- **Your instructions**
From the entries below, transcribe exactly the lines between the line holding "2013 Piney Point Road, Troy, NY 12180" and the line holding "(สินค้าหมดชั่วคราว) สร้อยคอห้อยจี้คริสตัลรูปดาว สีขาวรุ้ง", inclusive; skip all other lines.

##### Data for the task

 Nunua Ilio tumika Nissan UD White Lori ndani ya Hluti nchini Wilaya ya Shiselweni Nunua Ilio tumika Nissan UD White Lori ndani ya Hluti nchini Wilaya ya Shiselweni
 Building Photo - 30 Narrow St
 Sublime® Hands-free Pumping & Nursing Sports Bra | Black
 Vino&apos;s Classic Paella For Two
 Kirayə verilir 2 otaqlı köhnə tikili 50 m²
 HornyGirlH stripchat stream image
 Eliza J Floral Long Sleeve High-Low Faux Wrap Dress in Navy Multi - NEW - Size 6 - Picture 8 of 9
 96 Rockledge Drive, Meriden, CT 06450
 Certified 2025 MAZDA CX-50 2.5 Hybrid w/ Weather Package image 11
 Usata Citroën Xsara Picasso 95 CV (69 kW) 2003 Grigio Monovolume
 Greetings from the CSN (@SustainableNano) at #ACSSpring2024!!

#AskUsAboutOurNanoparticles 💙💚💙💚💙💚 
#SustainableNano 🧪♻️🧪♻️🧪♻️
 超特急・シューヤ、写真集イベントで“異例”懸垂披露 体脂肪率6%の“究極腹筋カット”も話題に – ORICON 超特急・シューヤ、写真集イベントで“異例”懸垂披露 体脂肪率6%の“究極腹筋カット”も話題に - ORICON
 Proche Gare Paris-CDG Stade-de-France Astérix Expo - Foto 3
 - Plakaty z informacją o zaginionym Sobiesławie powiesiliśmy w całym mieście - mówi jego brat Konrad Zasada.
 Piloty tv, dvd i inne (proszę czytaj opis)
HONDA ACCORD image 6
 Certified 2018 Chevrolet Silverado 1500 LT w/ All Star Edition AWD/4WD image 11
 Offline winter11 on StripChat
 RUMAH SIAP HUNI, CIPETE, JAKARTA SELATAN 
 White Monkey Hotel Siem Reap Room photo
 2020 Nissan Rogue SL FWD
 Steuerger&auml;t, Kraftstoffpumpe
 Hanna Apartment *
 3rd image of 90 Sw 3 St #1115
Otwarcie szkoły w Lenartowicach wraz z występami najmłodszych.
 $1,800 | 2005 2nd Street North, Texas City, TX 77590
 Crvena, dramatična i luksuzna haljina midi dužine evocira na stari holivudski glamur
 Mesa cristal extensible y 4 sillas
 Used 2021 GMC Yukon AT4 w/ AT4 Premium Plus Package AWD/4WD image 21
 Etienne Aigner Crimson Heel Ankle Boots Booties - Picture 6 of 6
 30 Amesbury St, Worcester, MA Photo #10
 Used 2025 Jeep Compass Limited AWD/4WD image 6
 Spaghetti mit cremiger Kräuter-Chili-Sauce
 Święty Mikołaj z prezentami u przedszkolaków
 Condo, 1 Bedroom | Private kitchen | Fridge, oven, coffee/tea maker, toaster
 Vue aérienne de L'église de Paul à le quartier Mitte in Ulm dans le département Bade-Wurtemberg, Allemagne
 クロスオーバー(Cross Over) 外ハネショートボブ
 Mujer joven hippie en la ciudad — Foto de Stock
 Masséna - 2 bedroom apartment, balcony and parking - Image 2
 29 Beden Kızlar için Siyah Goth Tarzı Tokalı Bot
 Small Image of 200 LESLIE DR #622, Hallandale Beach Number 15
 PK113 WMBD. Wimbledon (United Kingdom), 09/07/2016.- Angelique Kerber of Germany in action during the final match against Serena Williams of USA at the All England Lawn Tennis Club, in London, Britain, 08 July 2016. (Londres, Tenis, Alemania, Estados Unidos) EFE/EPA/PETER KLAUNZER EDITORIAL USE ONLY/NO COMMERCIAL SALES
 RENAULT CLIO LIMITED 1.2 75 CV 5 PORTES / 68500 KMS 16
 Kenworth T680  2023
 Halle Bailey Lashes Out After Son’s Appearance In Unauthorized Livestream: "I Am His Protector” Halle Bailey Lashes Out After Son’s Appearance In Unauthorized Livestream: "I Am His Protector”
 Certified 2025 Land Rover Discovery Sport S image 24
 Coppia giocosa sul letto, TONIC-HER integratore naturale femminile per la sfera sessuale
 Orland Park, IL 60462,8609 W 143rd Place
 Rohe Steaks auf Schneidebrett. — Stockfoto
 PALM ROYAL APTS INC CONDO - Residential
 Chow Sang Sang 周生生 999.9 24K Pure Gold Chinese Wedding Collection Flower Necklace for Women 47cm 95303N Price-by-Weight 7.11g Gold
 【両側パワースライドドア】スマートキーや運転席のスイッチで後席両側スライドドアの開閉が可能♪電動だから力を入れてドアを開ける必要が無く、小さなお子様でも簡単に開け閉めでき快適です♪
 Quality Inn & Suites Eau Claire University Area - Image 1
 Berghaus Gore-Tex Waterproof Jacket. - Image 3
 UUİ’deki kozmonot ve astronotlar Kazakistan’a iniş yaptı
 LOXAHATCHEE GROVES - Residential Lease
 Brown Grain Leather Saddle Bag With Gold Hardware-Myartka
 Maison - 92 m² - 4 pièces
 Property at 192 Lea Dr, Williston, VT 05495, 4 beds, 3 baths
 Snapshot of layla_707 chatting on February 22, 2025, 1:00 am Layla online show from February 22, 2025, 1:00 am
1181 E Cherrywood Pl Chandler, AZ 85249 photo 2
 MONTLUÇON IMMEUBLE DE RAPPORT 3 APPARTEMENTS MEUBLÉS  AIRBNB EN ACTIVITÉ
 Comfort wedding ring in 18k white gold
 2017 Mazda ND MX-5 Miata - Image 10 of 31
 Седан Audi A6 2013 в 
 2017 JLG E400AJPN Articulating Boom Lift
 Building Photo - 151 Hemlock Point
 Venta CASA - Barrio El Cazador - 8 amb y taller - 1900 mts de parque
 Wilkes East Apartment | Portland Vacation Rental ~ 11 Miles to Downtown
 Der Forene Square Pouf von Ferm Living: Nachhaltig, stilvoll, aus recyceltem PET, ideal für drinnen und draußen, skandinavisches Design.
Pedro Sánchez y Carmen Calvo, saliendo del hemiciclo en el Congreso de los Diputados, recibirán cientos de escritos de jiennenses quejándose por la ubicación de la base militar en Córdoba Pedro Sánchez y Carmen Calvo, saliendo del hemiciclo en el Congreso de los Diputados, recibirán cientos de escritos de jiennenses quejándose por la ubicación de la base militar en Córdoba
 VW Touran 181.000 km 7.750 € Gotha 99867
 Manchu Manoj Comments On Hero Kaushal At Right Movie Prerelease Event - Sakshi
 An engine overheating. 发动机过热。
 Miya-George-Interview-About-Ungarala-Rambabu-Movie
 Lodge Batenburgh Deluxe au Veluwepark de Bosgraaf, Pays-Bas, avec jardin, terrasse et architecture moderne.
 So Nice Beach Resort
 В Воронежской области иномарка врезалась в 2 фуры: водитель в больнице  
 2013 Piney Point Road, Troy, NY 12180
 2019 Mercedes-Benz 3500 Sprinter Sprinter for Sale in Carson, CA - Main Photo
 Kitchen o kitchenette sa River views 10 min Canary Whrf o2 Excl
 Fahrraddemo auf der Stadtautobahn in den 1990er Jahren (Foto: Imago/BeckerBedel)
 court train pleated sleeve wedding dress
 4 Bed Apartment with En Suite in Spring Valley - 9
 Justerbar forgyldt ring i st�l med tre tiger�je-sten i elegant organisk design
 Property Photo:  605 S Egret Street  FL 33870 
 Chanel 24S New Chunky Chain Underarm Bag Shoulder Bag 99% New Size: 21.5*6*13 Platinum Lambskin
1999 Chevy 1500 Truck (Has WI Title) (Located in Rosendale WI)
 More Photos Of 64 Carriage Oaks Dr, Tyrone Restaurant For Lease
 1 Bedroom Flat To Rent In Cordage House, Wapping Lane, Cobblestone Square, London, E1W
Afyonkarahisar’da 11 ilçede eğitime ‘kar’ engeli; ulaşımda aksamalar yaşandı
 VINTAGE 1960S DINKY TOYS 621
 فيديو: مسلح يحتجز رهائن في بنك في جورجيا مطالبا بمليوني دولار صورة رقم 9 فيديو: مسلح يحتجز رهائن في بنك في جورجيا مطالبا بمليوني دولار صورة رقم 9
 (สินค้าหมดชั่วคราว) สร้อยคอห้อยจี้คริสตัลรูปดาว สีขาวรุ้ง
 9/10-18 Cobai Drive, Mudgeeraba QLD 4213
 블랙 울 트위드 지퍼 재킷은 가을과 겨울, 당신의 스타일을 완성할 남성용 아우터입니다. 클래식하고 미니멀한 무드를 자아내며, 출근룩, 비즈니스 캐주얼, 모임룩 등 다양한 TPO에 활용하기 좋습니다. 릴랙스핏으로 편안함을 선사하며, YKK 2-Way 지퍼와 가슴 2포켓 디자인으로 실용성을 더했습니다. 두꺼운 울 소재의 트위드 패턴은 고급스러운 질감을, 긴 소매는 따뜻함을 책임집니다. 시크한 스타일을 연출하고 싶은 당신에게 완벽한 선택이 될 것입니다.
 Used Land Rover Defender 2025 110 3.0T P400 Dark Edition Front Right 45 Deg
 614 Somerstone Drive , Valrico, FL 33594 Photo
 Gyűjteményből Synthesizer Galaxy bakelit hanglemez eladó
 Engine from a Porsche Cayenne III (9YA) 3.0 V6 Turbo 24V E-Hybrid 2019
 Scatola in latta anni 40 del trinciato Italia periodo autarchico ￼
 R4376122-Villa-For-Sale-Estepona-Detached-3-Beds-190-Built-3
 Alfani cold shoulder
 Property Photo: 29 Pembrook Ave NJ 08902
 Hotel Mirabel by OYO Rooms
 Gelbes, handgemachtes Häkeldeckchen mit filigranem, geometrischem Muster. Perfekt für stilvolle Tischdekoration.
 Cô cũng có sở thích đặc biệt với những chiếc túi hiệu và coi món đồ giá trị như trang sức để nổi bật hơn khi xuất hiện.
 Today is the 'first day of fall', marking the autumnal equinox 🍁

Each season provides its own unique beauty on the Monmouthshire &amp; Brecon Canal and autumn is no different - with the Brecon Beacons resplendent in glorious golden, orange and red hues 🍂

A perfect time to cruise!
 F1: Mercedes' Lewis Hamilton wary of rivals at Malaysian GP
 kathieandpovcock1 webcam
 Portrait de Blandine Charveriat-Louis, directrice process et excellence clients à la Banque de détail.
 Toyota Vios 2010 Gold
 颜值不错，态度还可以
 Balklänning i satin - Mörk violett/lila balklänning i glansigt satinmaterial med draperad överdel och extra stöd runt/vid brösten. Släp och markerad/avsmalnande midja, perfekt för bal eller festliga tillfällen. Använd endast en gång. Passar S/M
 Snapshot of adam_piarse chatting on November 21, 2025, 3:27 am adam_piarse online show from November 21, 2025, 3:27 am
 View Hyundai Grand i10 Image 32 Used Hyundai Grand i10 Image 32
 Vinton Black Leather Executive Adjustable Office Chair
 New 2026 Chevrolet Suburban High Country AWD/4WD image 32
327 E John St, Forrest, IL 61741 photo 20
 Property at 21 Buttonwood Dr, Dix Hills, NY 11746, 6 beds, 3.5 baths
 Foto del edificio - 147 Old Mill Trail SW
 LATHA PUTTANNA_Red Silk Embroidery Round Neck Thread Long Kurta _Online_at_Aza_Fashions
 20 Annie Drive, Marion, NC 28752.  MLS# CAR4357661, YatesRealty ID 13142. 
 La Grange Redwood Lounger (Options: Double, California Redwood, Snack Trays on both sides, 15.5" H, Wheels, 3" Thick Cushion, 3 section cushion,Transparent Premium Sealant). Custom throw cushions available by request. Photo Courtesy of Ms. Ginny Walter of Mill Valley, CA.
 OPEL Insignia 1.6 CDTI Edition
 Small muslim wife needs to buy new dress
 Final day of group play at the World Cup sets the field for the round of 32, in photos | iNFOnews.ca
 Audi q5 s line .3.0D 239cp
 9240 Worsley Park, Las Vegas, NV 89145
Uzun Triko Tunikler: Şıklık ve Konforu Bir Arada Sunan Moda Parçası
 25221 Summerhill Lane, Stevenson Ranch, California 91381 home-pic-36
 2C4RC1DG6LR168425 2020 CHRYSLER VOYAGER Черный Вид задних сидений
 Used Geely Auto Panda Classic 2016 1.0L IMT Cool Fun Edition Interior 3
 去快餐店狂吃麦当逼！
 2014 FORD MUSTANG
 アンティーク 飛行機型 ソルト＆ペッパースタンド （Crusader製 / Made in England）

##########

- **Expected answer**
 2013 Piney Point Road, Troy, NY 12180
 2019 Mercedes-Benz 3500 Sprinter Sprinter for Sale in Carson, CA - Main Photo
 Kitchen o kitchenette sa River views 10 min Canary Whrf o2 Excl
 Fahrraddemo auf der Stadtautobahn in den 1990er Jahren (Foto: Imago/BeckerBedel)
 court train pleated sleeve wedding dress
 4 Bed Apartment with En Suite in Spring Valley - 9
 Justerbar forgyldt ring i st�l med tre tiger�je-sten i elegant organisk design
 Property Photo:  605 S Egret Street  FL 33870 
 Chanel 24S New Chunky Chain Underarm Bag Shoulder Bag 99% New Size: 21.5*6*13 Platinum Lambskin
1999 Chevy 1500 Truck (Has WI Title) (Located in Rosendale WI)
 More Photos Of 64 Carriage Oaks Dr, Tyrone Restaurant For Lease
 1 Bedroom Flat To Rent In Cordage House, Wapping Lane, Cobblestone Square, London, E1W
Afyonkarahisar’da 11 ilçede eğitime ‘kar’ engeli; ulaşımda aksamalar yaşandı
 VINTAGE 1960S DINKY TOYS 621
 فيديو: مسلح يحتجز رهائن في بنك في جورجيا مطالبا بمليوني دولار صورة رقم 9 فيديو: مسلح يحتجز رهائن في بنك في جورجيا مطالبا بمليوني دولار صورة رقم 9
 (สินค้าหมดชั่วคราว) สร้อยคอห้อยจี้คริสตัลรูปดาว สีขาวรุ้ง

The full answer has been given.